Score:-1

Sorting Custom Content Type

mx flag

Apologies if this question has been asked but I can't seem to find an answer anywhere. I am looking to sort a content type called biography. My understanding is that this is likely a custom entity and does not come with Drupal Core.

We currently use it to add leadership information such as (ceo, assistant, admin) position. Currently, the sorting function in views is standard (ascending -authored on) so new biography content is added to the bottom of a page block.

I do not have permission to download any new modules but want to create a custom sort in a hierarchy format (the highest job title first - i.e. ceo).

Can someone share how I might be able to do this? I assume it would be the same as sorting article nodes

leymannx avatar
ne flag
Hey wilson please try to make this a reproducible issue. Right now I don't have any clue what you are actually talking about. Like biographies is not part of Drupal core. Could be a custom entity, could be a taxonomy terms, maybe displayed in a view, which is configured god knows how. Please update your question and add a detailed description that also helps others later with the same problem finding a possible solution. Many thanks
mx flag
@leymannx thanks for the feedback! I inherited the site and haven't worked with this content type before and limited knowlege of drupal from this end. I assume it's very similar to Article Nodes. It is used to organize biographical information: job title, headshot, etc. It is displayed in views. There are no taxonomy terms attached fields. Just organized by sort criteria as authored on. I hope this helps!
cn flag
How do you actually want to sort it? If you are trying to change the sorting in the view, then as long as you are editing the correct view, you can just change the sorting criteria as you like in the Views editor.
mx flag
@PatrickKenny I want to sort by job title with the CEO (first), Executive Assistant (second), and so on. There's no option for that in views. Only sort ascending and sort descending. Again backend knowledge is limited. So please direct me if I'm missing something
Score:0
cn flag

First, go to the edit page for the view.

There, under Sort criteria, you will find an Add button.
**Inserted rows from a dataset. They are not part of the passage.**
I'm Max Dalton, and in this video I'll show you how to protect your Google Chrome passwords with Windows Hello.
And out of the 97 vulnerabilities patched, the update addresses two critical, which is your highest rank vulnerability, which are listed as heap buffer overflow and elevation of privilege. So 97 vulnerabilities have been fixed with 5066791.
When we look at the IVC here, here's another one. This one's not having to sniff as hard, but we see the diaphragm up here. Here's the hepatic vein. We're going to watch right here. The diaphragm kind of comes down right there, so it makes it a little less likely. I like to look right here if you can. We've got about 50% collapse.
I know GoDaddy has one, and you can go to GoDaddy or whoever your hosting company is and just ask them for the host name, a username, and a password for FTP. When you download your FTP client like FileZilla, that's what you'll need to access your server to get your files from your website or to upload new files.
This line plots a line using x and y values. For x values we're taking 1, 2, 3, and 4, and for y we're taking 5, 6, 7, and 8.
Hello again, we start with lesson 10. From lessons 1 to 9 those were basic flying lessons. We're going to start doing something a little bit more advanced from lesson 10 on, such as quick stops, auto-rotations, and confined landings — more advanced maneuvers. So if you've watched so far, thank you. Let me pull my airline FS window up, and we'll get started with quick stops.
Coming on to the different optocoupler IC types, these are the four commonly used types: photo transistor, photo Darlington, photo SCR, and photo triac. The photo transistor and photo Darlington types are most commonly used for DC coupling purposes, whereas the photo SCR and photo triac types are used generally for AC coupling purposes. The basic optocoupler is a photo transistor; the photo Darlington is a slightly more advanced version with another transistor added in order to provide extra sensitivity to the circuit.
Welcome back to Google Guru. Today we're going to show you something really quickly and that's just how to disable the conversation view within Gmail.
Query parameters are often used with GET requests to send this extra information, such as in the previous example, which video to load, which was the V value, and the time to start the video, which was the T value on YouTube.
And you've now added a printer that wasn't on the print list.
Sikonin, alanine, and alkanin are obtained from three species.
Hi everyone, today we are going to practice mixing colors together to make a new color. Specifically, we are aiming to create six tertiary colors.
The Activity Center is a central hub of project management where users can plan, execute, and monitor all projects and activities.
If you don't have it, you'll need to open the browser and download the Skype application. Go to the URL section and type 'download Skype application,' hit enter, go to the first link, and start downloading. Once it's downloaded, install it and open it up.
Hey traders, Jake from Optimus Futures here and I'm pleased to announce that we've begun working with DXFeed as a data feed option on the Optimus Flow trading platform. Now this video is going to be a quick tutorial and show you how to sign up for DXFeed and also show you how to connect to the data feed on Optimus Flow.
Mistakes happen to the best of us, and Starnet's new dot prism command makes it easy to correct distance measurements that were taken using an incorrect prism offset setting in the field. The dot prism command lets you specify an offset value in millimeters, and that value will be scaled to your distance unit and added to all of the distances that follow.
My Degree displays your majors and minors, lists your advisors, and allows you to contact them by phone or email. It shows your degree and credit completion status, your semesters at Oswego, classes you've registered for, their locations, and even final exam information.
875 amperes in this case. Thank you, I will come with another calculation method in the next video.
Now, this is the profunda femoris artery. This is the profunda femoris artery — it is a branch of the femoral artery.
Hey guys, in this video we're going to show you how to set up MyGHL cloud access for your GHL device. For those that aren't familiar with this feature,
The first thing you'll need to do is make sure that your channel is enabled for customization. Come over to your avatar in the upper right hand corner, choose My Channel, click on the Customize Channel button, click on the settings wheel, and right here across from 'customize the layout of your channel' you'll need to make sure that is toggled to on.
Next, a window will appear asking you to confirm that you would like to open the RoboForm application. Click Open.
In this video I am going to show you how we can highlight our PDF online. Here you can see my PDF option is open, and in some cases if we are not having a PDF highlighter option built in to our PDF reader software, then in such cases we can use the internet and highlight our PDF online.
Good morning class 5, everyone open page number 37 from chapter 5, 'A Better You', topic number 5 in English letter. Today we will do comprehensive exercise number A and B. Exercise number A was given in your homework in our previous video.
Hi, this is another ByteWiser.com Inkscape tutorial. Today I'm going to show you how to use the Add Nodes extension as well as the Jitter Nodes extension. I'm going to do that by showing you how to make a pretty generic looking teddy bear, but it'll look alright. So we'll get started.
If you click the Add button, a window will appear that lists all the fields you can use to sort the view. If Job title is a field, you can add it as a sort criteria and then sort by that field.

How you can sort by that field depends on what type of field it is. For a standard text field, you will only be able to sort ascending/descending; this is because Drupal has no way to tell what the order is.

If you want to set the order of the fields such as

  1. CEO
  2. Executive Assistant
  3. CFO

then this will not work if you are using a text field.

How to do it with taxonomy

One good way to do this is:

  1. Create a taxonomy vocabulary, Job title.
  • Assign weights to the taxonomy terms in the order you want them to be sorted.
  1. Add the taxonomy vocabulary as an entity reference field to the Biography content type.
  2. Add a relationship to the referenced taxonomy vocabulary to the view.
  3. As the sort criteria, use the referenced taxonomy term weight.

A simpler way

Another way to do this that is faster to set up but that will be harder to maintain down the line is to give up on sorting by the text field and add a custom weight field to the content type.

Specifically:

  1. On the Biography content type "manage fields" page, add a new Integer field. Call it something like weight or sort.
  2. On "Manage display" for the Biography content type, hide the weight field. (because we do not want to show this field)
  3. Now the annoying part-- you have to edit all Biography content and assign the weight manually.
  4. Then, in your view, as the sort criteria, sort by weight (ascending or descending, whichever makes sense for the way you assigned weights).

Obviously, when assigning weights manually like this it is easy to make a mistake, so I don't recommend this way, but it is probably the fastest way to get what you want.

mx flag
@PATRICKENNY It worked! I used taxonomy since you said it was a good way and boom. Thank you!